What to do:
Reproduce word for word every line from the one containing "This is real" through the end of the listing below; omit the pictures.

Data extract:
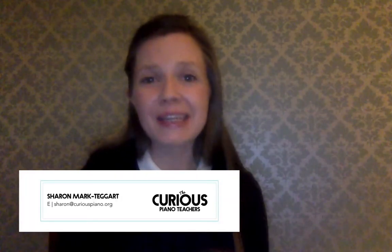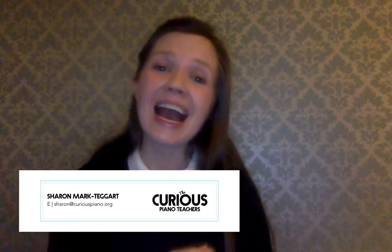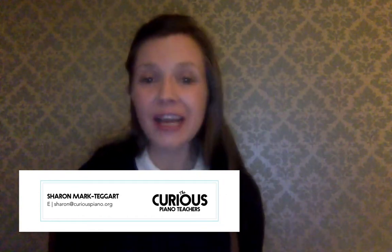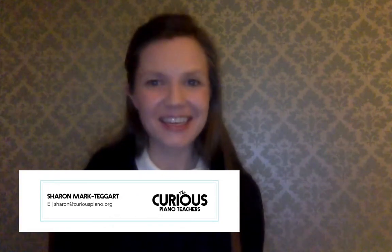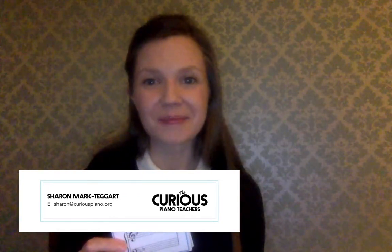I hope you really enjoy this, and I would love to hear from you — just drop me an email at sharon@curiouspiano.org and let me know how you're getting on with asking scales using the key signature cards. Have a great day, and I'll talk to you soon. Bye for now.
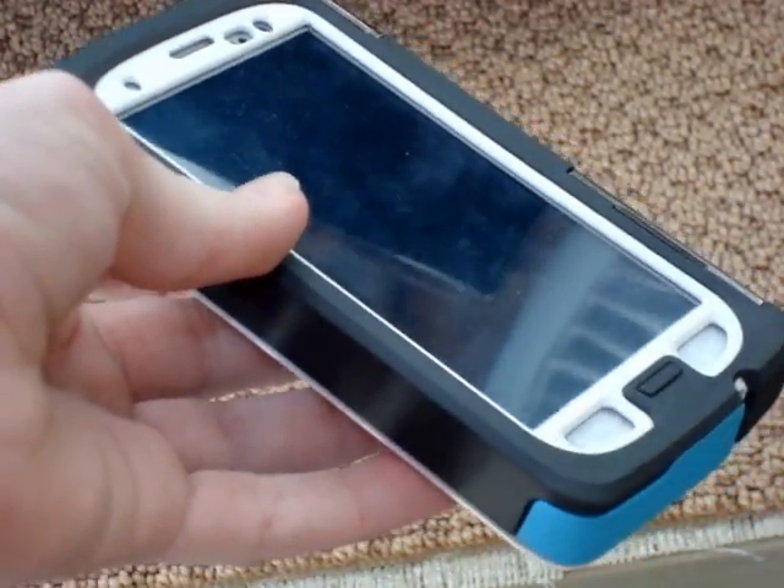I think this case is really good for someone that works around a lot of heavy-weight items, or has a higher risk of getting their phone messed up, or someone that just doesn't want their phone to be breakable.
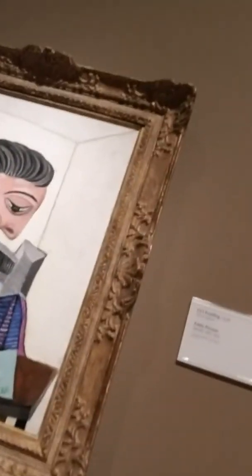This is real modern art. This is from Picasso, I guess. Yep, this is from Picasso. It's really cool.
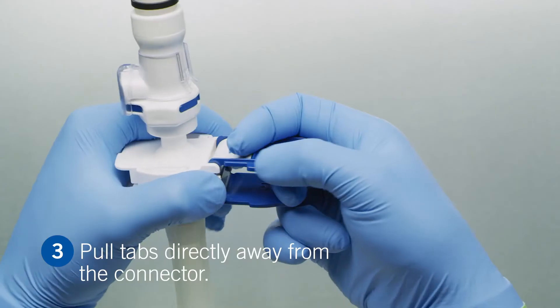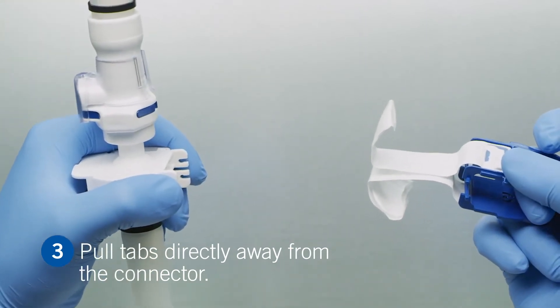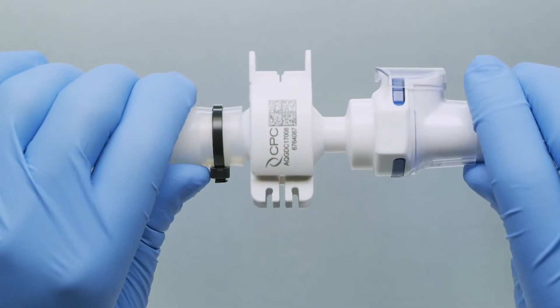To complete the assembly, insert a finger into the pull tabs and remove the membranes by pulling the tabs directly away from the connector. You are now ready for sterile fluid transfer.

Answer box:
This is real modern art. This is from Picasso, I guess. Yep, this is from Picasso. It's really cool.
To complete the assembly, insert a finger into the pull tabs and remove the membranes by pulling the tabs directly away from the connector. You are now ready for sterile fluid transfer.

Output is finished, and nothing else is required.